Detect methylated DNA-bound TFs

Abstract Transcription factors (TFs) are proteins specifically involved in gene expression regulation. It is generally accepted in epigenetics that methylated nucleotides could prevent the TFs from binding to DNA fragments. However, recent studies have confirmed that some TFs can interact with methylated DNA fragments. Although biochemical experiments could recognize TFs binding to methylated DNA sequences, these wet-experimental methods not only need a long experimental period but also need expensive experimental consumables. Machine learning methods provide a good choice to identify these TFs fast without experimental materials. Thus, this study aims to design a powerful predictor to detect methylated DNA-bound TFs. We firstly proposed using tripeptide word vector feature to describe protein samples. Subsequently, a two-steps computational model was designed based on recurrent neural network (RNN) with long short-term memory (LSTM).

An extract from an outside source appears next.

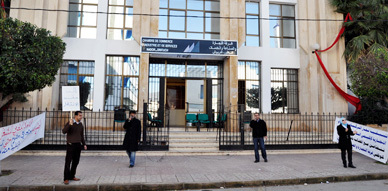موظفو غرفة التجارة بالناظور يواصلون وقفاتهم الاحتجاجية أمام مقر الغرفة موظفو غرفة التجارة بالناظور يواصلون وقفاتهم الاحتجاجية أمام مقر الغرفة
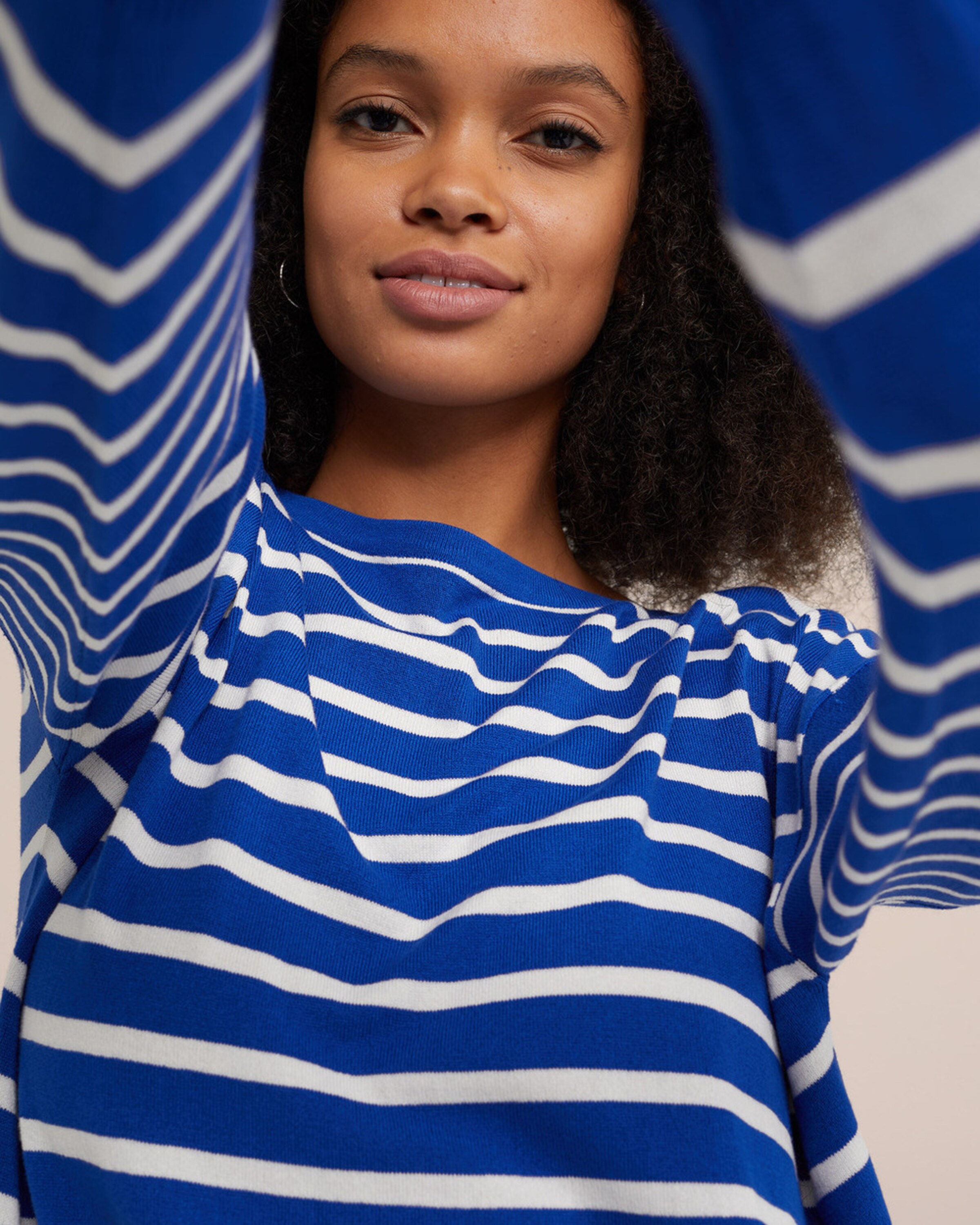 Pull over WE Fashion en Bleu Cobalt ABOUT YOU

The first step predictor, with single bidirectional layer RNN LSTM units, was utilized to discriminate transcription factors from other proteins (non-transcription factors). Once proteins were predicted as TFs, the second step predictor, with two unidirectional layers RNN LSTM units, was employed to judge whether the TFs can bind to methylated DNA. By using independent dataset test, we found that the accuracies are 86.63% and 73.59%, respectively, for the first and second step predictors. In addition, the distribution of tripeptides in training samples was statistically analyzed. We inferred that the position and number of some tripeptides in the sequence affect the binding of TFs to methylated DNA.